Task details >>
Find all the lines in the entries below that hold the word "Smart" and copy them.

Supplied records >>
______________________________

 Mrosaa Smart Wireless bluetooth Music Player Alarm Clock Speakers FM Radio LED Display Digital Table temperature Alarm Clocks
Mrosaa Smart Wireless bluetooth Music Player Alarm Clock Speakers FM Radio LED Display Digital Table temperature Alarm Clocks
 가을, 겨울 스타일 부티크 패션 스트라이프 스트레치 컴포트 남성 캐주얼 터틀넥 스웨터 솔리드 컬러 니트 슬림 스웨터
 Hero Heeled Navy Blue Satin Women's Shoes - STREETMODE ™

______________________________

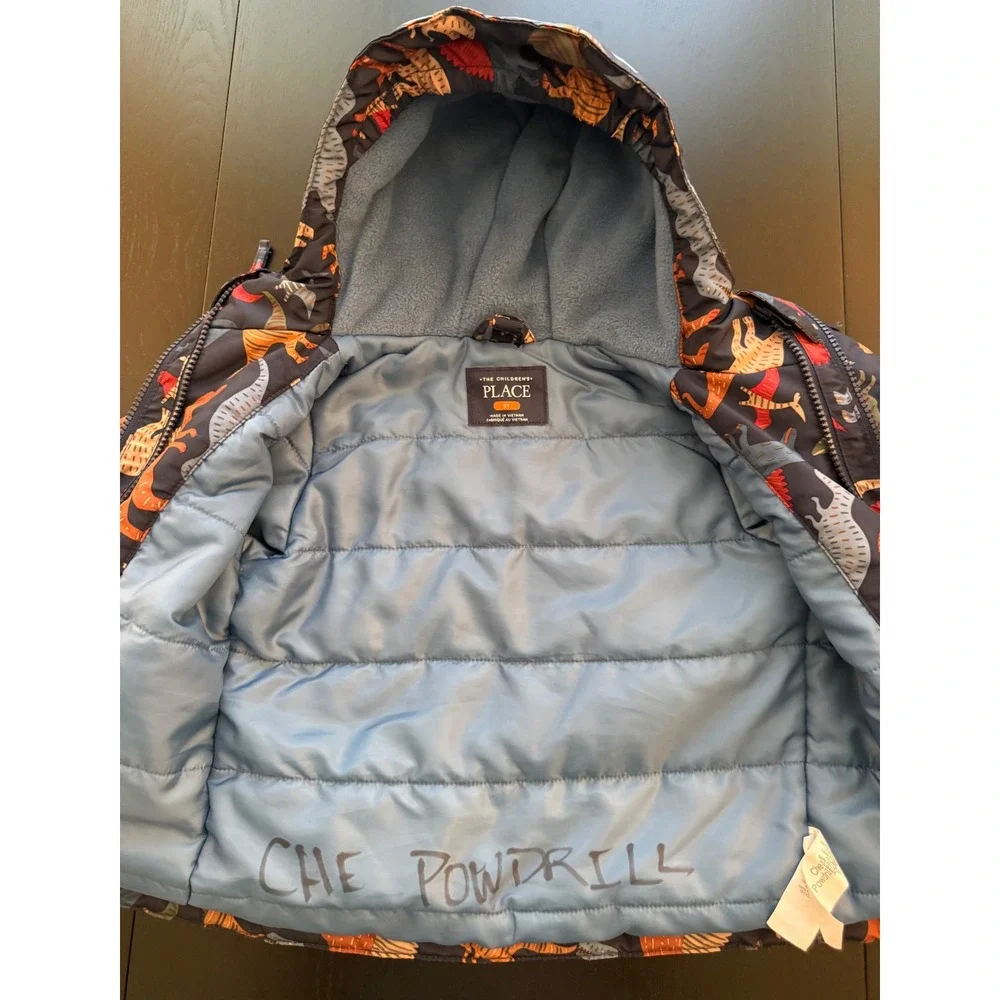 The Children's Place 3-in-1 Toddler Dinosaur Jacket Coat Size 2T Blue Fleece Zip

______________________________

Expected answer >>
 Mrosaa Smart Wireless bluetooth Music Player Alarm Clock Speakers FM Radio LED Display Digital Table temperature Alarm Clocks
Mrosaa Smart Wireless bluetooth Music Player Alarm Clock Speakers FM Radio LED Display Digital Table temperature Alarm Clocks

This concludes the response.